Sources and uses
Hi all,
One element in banking/modelling I have constantly seen people dont understand is sources and uses, including myself. I have obviously modelled with it many times, but my understanding is purely mechanical. Therefore I want to see if anyone in here will be able to help me once and for all :)
Lets use a very simple example: say a target has an EV of 100$ with 20$ in cash and 60$ debt on BS. It is financed with 70$ sponsor equity and 50$ debt (assuming minimum cash balance of what they currently has on BS). This gives a S&U of:
Sources:
Equity: 70$
Debt 50$
Uses:
Net debt: 40$
Minimum cash: 20$
Equity: 60$
Some questions on this as I believe it is the cash element that is confusing:
- What happens here/what will be the difference if they decides to pay down the debt rather than refinance/roll over the debt?
- Why do we use net debt in the uses rather than the gross debt?
- What mechanically is happening with the debt and cash at settlement?
- If we assume no minimum cash balance, what happens with target's cash and debt at settlement then, and would only the net debt be included in the uses still?
- I have seen multiple times that some uses the target's cash in the sources - what does that mean and how is that possible?
Hopefully someone here can answer this, many thanks!
Best,
K
Hi Associate 1 in IB - Gen, any of these threads helpful:
More suggestions...
Fingers crossed that one of those helps you.
How I'm reading your assumptions, this is how I would structure the S&U:
Sources: $70mm sponsor equity funding, $50mm newly issued debt
Uses: $60mm equity purchase price ($100mm EV + $20mm cash - $60mm debt), refinance $60mm of existing debt
It's cleaner to take cash out of this (not a net debt number). To answer your questions:
1. There would be a difference if you pay down debt rather than refinancing it. If you have $20mm of cash, you can only reduce your debt by that amount, bringing your debt to $40mm and your equity value to $60mm. The cash belongs to the equity holders, so they wouldn't want to pay the debt down pre-transaction
2. Not sure I'm following- rephrase? I don't use net debt
3. Not sure I'm following- rephrase?
4. Cash belongs to the equity holders. If the acquirer doesn't want to pay equity or issue debt to acquire cash (you're acquiring all of the equity, which equity owners own the cash, so indirectly acquiring equity), then you would use target co's cash as part of sources
Following
You already showed S&U with the debt refinanced. If you roll it you put it on both sides of S&U.
1. If the debt is rolled over, the existing debt of 60 would show up in both sources and uses. If debt is being refinanced, the existing debt of 60 is paid down (shown in uses) and immediately replaced with new debt of 70 (shown in sources).

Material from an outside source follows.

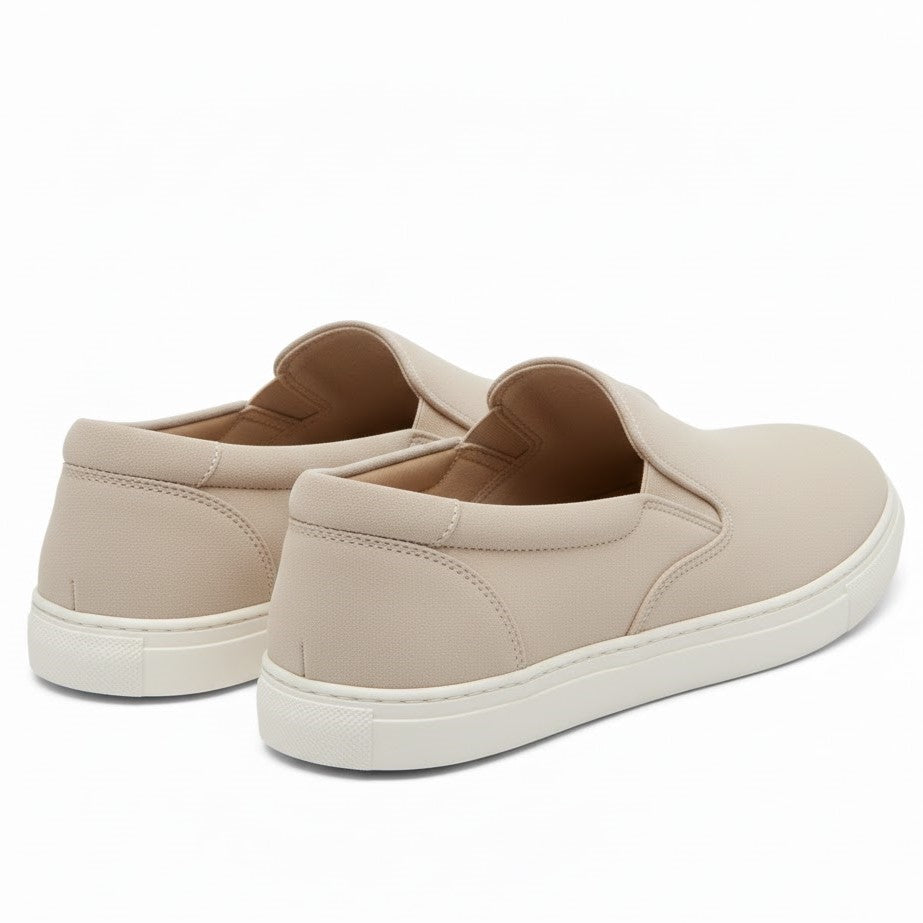 Men's Loafers Slip-On with Rubber Outsole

2. Most people use gross debt, actually. Instead of having 20 of cash go towards reducing existing debt, it should go towards the min cash requirement.
3. If there is no min cash requirement, the 20 of existing cash will become a source and will reduce the sponsor equity. The S&U would look like this:
Uses
Refi Debt: 60
Purchase Equity: 60
Total: 120
Sources
Cash: 20
Debt: 70
Sponsor Equity: 30
Total: 120
4. In this case, the 60 you spent to purchase the equity includes 20 in target cash. So you can use this 20 to help fund the transaction. It's akin to spending $120 to buy a wallet that is worth $100 with a $20 bill inside.
Fundamentally looking at it the wrong way. The purchase price governs the sources and uses, not some arbitrary definition of theoretical enterprise value.
Throw MS all you want. You guys are glorified typists.